Afterbirth: DC's "Rebirth" initaitive, week nine

Red Hood and The Outlaws: Rebirth #1 by Scott Lobdell, Dexter Soy and Veronica Gandini

This book is probably the one that I was most confounded to learn that DC would be relaunching as part of their "Rebirth" initiative. The reason? The market and the audience seem to have pretty resoundingly rejected the idea of a Scott Lobdell-written book about Red Hood at this point.
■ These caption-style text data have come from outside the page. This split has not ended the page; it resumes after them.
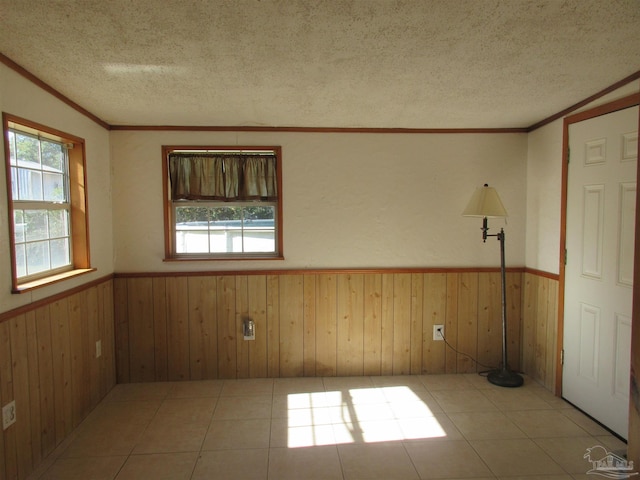 empty room featuring crown molding, wainscoting, wood walls, and a textured ceiling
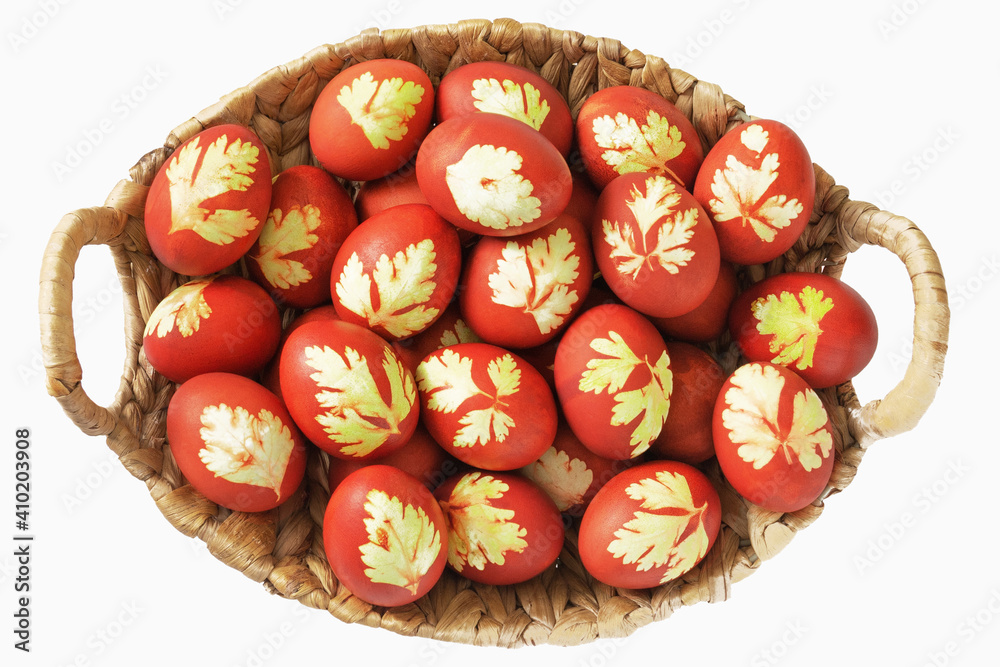 Orthodox Easter. Colored eggs in basket on white background. Top view. Closeup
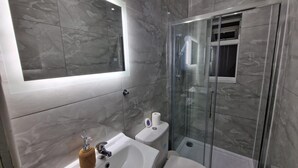 Ein modernes Badezimmer mit einer gläsernen Duschkabine, einem Waschbecken mit Handtuchspender und einer Toilette.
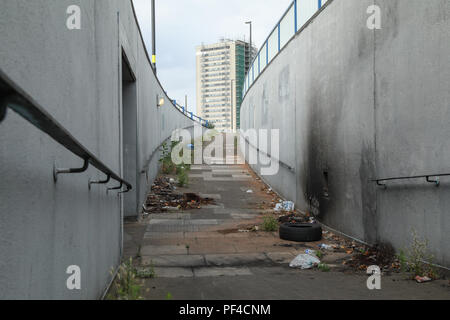 Un trascurato sottopassaggio pedonale situato in all interno della città di Birmingham, UK. Il sentiero è ricoperta da vegetazione e inquinata con lettiera. Foto Stock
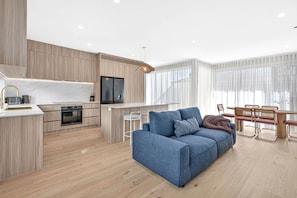 Een moderne keuken met een ingebouwde oven, een eethoek met een houten tafel en stoelen, en een blauwe bank in de woonkamer.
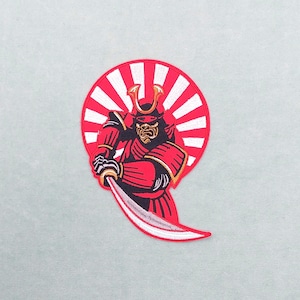 May include: Embroidered patch depicting a red samurai warrior with a katana, set against a red and white sunburst. The samurai has gold detailing on the helmet and armour. This patch is designed for application on clothing or accessories.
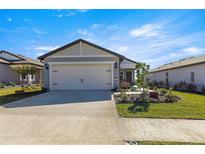 Single-story home with attached garage and landscaped front yard at 8332 Sw 54Th Loop, Ocala, FL 34481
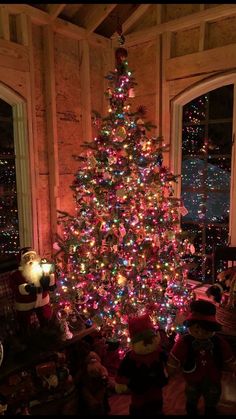 a brightly lit christmas tree in a living room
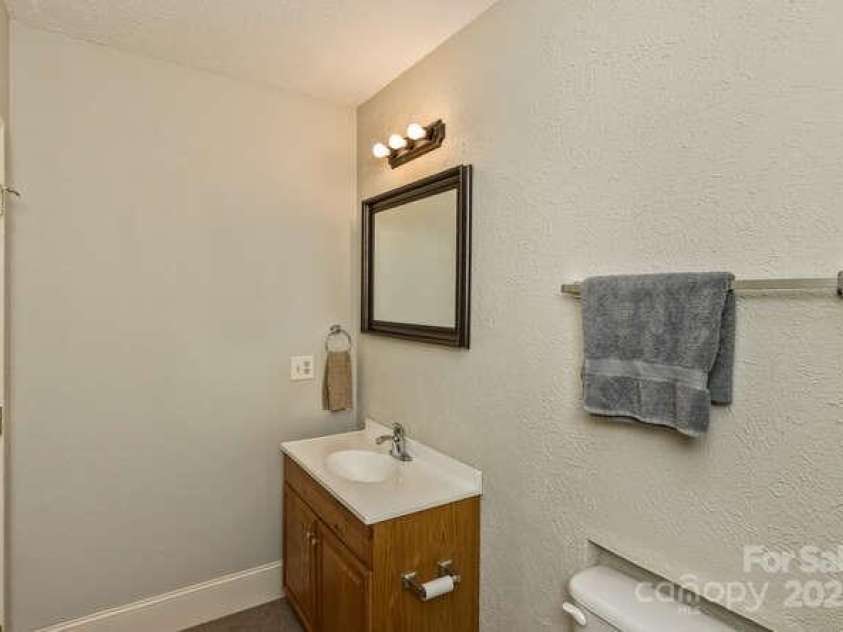 16 Devonshire Drive, Mills River, NC 28759.  MLS# CAR4245659, YatesRealty ID 13513. Lower level bath (4)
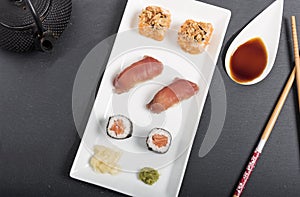 Sushi mix with sauces on a white tray photo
Red Hood and The Outlaws was launched in September of 2011 as part of the New 52 initiative, written by Lobdell and starring the rebooted Jason Todd, Roy Harper and Starfire. It lasted a respectable 40-ish issues, with its sales seeing regular bumps thanks to its tenuous Batman connections, which were, of course, strong enough to tie into events like, say, "The Death of The Family."

Then DC relaunched it as Red Hood/Arsenal in 2015, with an altered line-up reflected in the title, and a different artist, but Lobdell still attached.

So here's Red Hood and The Outlaws volume two, still written by Lobdell and set to feature a third line-up of characters, who can be glimpsed on the cover, reflected in Red Hood's gun sites–some version of Bizarro* and a new version of the post-Crisis, pre-Flashpoint Amazon character Artemis. In this first issue, however, the only one of the three characters who actually appears is The Red Hood, Jason Todd.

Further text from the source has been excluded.